Pieces of history: Researchers studying area antique furnishings
NATCHEZ — Every year, thousands of tourists flock to see the untouched beauty of Natchez.
The houses, the gardens and even some commercial buildings have stood the test of time since the city’s founding.
This summer, representatives from the Classical Institute of the South at the Historic New Orleans Collection are visiting Natchez for the fifth summer to catalog collections at different antebellum houses.
The program is working with the Historic Natchez Foundation, primarily HNF Executive Director Mimi Miller.
“Emphasis has been placed on cataloging those collections that include antique furnishings with a Natchez provenance and some information about link to their original owners and the houses that they originally furnished prior to 1865,” Miller said.
So far, furnishings have been catalogued at 15 houses, including D’Evereux, Lansdowne, Longwood and Melrose.
Classical Institute of the South Coordinator and Research Curator Sarah Duggan, Winterthur graduate student Michelle Fitzgerald and Tulane graduate student Joe Ramsey have been in Natchez since Tuesday visiting the houses and cataloging furniture, china sets, artwork and various other pieces in the houses for a database that is put together by the Institute.

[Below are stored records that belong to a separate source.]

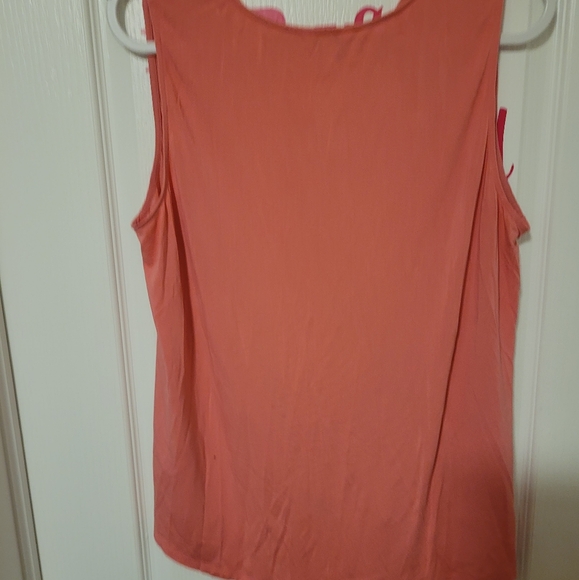 (XXL)  Sleeveless Blouse - Picture 2 of 5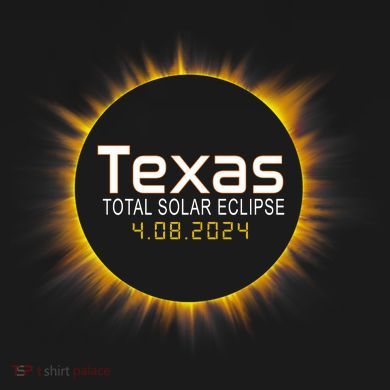 2024 Solar Eclipse Texas Usa Polo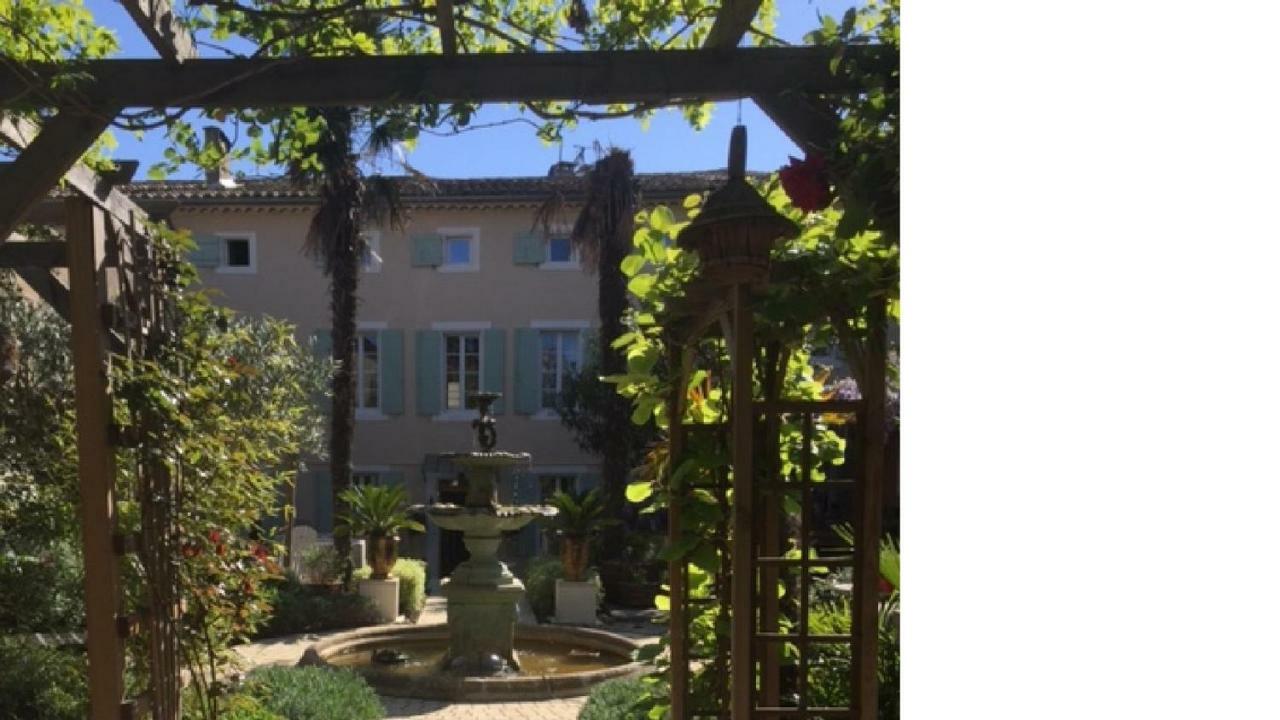 O'Palmier Cache Bed & Breakfast Saint-Marcel-sur-Aude ภายนอก รูปภาพ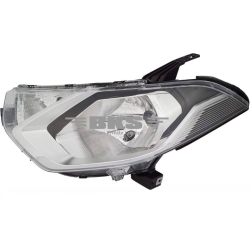 HEADLAMP ASSEMBLY LEFT-REDI GO 1ST GEN 2016-2020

Duggan said that after they catalog each item by assigning it a serial number, photographing it and giving it a written description, the information will be put in a database for others to look at and compare their own collections.
The group will be going throughout Mississippi, Louisiana and Alabama for the next few weeks in search of antebellum objects to add to their digital collection, but will spend at least two weeks in Natchez.
“Everyone speaks so glowingly of Natchez,” Duggan said. “We will probably never find anything as well preserved.”
So far, the team has been able to identify and catalog more than 2,000 pre-Civil War objects through six, six-week summer programs of which students apply to participate.
The group has located dressers, beds, china and other objects, but among the group’s most exciting finds are a letter from George Washington’s granddaughter and a piece of a suit he wore one time at D’Evereux.
Ramsey and Fitzgerald are among a handful of people who have gotten the opportunity to work so closely with antebellum antiques through CIS.
Fitzgerald said she hopes to do curatorial work one day, and the summer work is like training for what she hopes to do in the future, while Ramsey, who has an emphasis in early 20th century art, said he was excited to learn new things about something he would not have necessarily studied before.
“There is so much history here that remains hidden that can be shared with the rest of the county,” Duggan said. “Objects can tell just as much of the story as historic documents can.”